Z = np.zeros((Nspace,Nspace))
for i in range(Nspace):
    for j in range(Nspace):
        x1 = x1space[j]
        y1 = x2space[i]
        x = np.array([x1,y1])
        Z[i,j] = predict(x, w1, b1, w2, b2)

plt.figure(figsize=(10,5))
plt.pcolor(X, Y, Z, vmin=abs(Z).min(), vmax=abs(Z).max())

plt.xlabel('feature #1')
plt.ylabel('feature #2')
plt.xlim(-9, 9)
plt.ylim(-5, 12);

##### Two-layer Network, again ...  (with nn package) 

$$x_{hidden} = RELU(x  \cdot W_1 + b_1)$$
$$y_{pred} = x_{hidden} \cdot W_2 + b_2$$

After some hard work we will use torch with all its power and elegance.  

* Model

In [None]:
# Use the nn package to define our model as a sequence of layers.
# nn.Sequential is a Module which contains other Modules,
# and applies them in sequence to produce its output.
# Each Linear Module computes output from input using a linear function,
# and holds internal Variables for its weight and bias.
model = torch.nn.Sequential(
            torch.nn.Linear(dim_in, dim_hidden),
            torch.nn.ReLU(),
            torch.nn.Linear(dim_hidden, dim_out),
        )

In [None]:
model

* Loss (we will use cross-entropy loss)

In [None]:
criterion = nn.CrossEntropyLoss()

In [None]:
# input 
x = Variable(torch.from_numpy(dataX_train).type(dtype_torch), requires_grad=False)
y = Variable(torch.from_numpy(dataY_train).type(torch.LongTensor), requires_grad=False)

In [None]:
learning_rate = 1e-2
n_iteration = 1000

In [None]:
logger = {}
logger['iteration'] = []
logger['loss_iteration'] = []

for t in range(n_iteration):  
    
    # forward pass
    y_pred = model(x)
    
    # compute loss
    loss = criterion(y_pred, y)

    # backprop
    loss.backward()

    # update weights using gradient descent  
    for param in model.parameters():
        param.data -= learning_rate * param.grad.data 
    
    # manually zero the gradients
    model.zero_grad()  
    
    # reporting & logging       
    if t % 100 == 0:
        print(t, loss.data[0])
        
    logger['iteration'] += [t]
    logger['loss_iteration'] += [loss.data[0]]

In [None]:
# visualize loss
plt.figure(figsize=(10,5))
plt.plot(logger['iteration'], logger['loss_iteration'],'ob', label="loss")

plt.xlabel('iteration')
plt.ylabel('loss');

In [None]:
def predict(x, model):
    """
    Prediction based on two-layer model
    
    Args:
        x (numpy.array): feature vector of a sample
         
    Returns:
        scalar: predicted class for this sample
    """    
    t = Variable(torch.from_numpy(x).type(dtype_torch))
    forward_pass = model(t)
    return np.argmax(forward_pass.data.numpy(), axis=1)

In [None]:
y_train_predict = predict(dataX_train,model)
print("Train accuracy: %f" % get_accuracy(y_train_predict, dataY_train))
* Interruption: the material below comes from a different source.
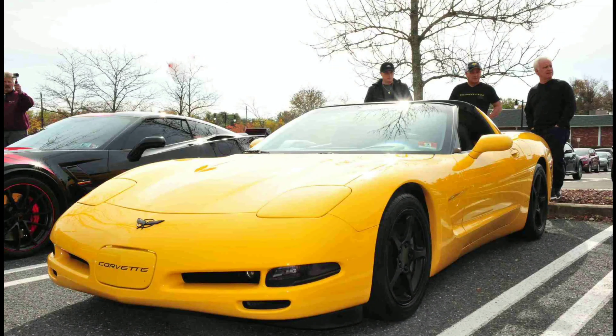Instead of saying after every single item that I have a video on it — I have a video on every single thing I've done to the car. So if you have any questions on where I got these things, how to install them, or anything like that, go ahead and check out my channel.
y_test_predict = predict(dataX_test, model)
print("Test accuracy: %f" % get_accuracy(y_test_predict, dataY_test))

##### Two-layer Network, again and again ...  (with nn package + optim ) 

$$x_{hidden} = RELU(x  \cdot W_1 + b_1)$$
$$y_{pred} = x_{hidden} \cdot W_2 + b_2$$

torch.optim is a package implementing various optimization algorithms.  
see official documentation: http://pytorch.org/docs/master/optim.html

Already familar stuff ...

In [None]:
model = torch.nn.Sequential(
            torch.nn.Linear(dim_in, dim_hidden),
            torch.nn.ReLU(),
            torch.nn.Linear(dim_hidden, dim_out),
        )

criterion = nn.CrossEntropyLoss()

# input 
x = Variable(torch.from_numpy(dataX_train).type(dtype_torch), requires_grad=False)
y = Variable(torch.from_numpy(dataY_train).type(torch.LongTensor), requires_grad=False)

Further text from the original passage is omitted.